If I were to stretch generational theory to the limit and maybe beyond… I read an article focused on Generation X, born roughly between 1960 and 1980, of which I am a member. We are fewer in number than surrounding generations, and, in the church and the workplace, generally caught between the mutual obsession Boomers and Millennials have with each other.
To paint broad stereotypical strokes, the particulars of which can apply to anyone, since there are exceptions to every rule, at this point in the workplace, while Boomers are obsessing over their legacies (which often means buildings or endowments) and Millennials are being flexible and adaptive (and feeling superior about it, looking down on the very institutions that make their lives possible), Xers are exhausting ourselves by doing the work, making sure everything runs, so all of us get our paychecks. The Xers are Jan Brady. The plain one who doesn’t have the time or energy to think big thoughts, and is constantly trying to translate between Boomers and Millennials so the workplace can function day-to-day.
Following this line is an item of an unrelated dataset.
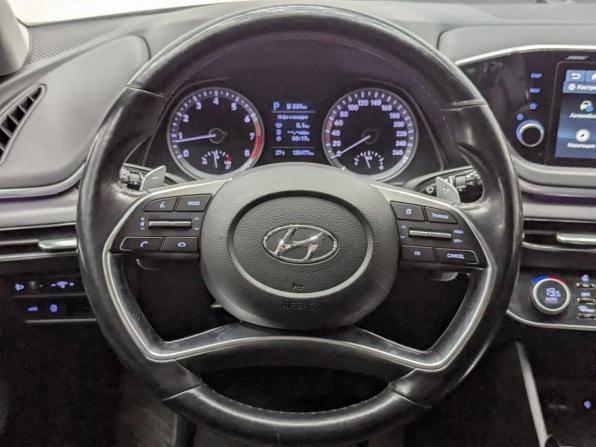 Hyundai Sonata VIII (DN8) с пробегом 2020 года, цена 2 150 000 рублей, 124000 км, седан, Автокод Объявления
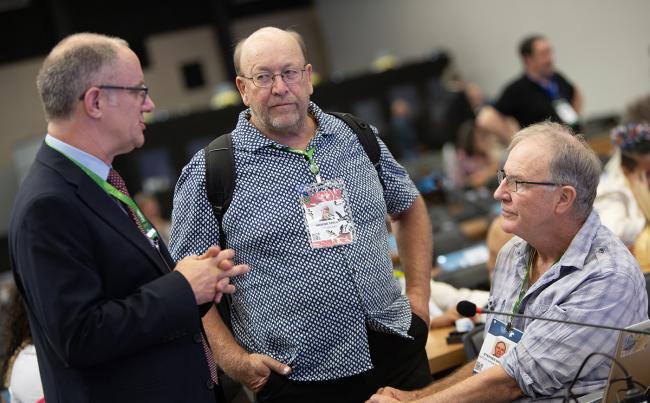 Graeme Taylor , New Zealand- CMS COP15 - 24Mar2026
Gen Xers and those who operate like us are so wrapped up in the valley between two very visible shiny crests that we have lost the critical edge that seeks transformation. We are the son who stayed behind to work the farm, because who else was gonna do it, and grew bitter and cynical because we have worked through more recessions than preceding generations, have very little to show for it, didn’t get participation medals, and feel passed over and unrecognized between two genuinely gifted generations.
Living stones are flexible, chosen by God even when society rejected them. But when we mistake the world’s measurements for what makes the best stone, we can become brittle. We can mistake actual stones, physical buildings, endowments, for living stones. We can worry about this building instead of the living stones this building serves. We get trapped by the fetish for legacy, wrapped up in the preoccupation for adapting, and our own self-pity because without us the place would fall apart, and forget people are thirsty, hungry, imprisoned, enslaved, worried about their healthcare leaving them broke. Instead of allowing ourselves to be built, as living stones, to be flexible and grateful and faithful, we end up trapped by our own rigidity.
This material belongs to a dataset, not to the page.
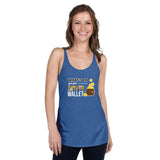 What's In Your Crypto Wallet Premium Women Tanktop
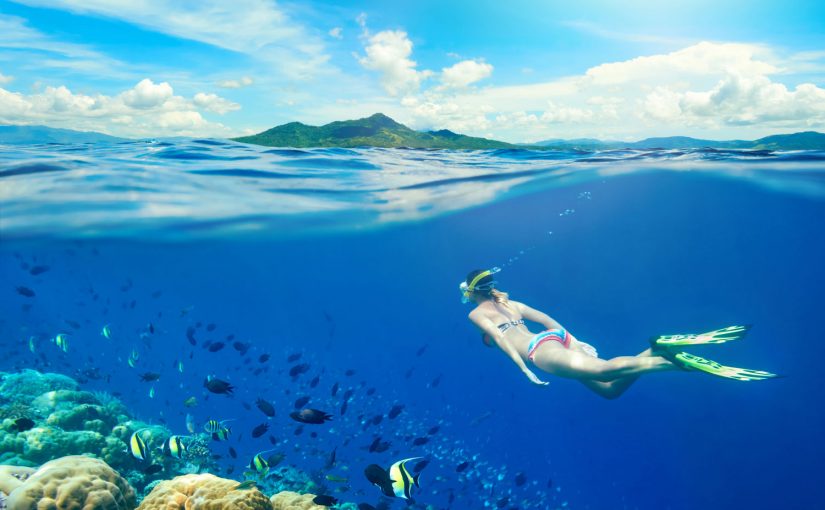Faszinierende Unterwasserwelt: Das sind die besten Schnorchel-Hotspots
The author of 1 Peter says:
Once you were not a people,
but now you are God’s people;
once you had not received mercy,
but now you have received mercy (1 Peter 2:10).
Who the hell cares about an actual building when people are terrified and hungry? We have received mercy. We are God’s people. Maybe we don’t have to be the ones to save American institutions. Maybe we have already been freed. We have a church to serve. Amen.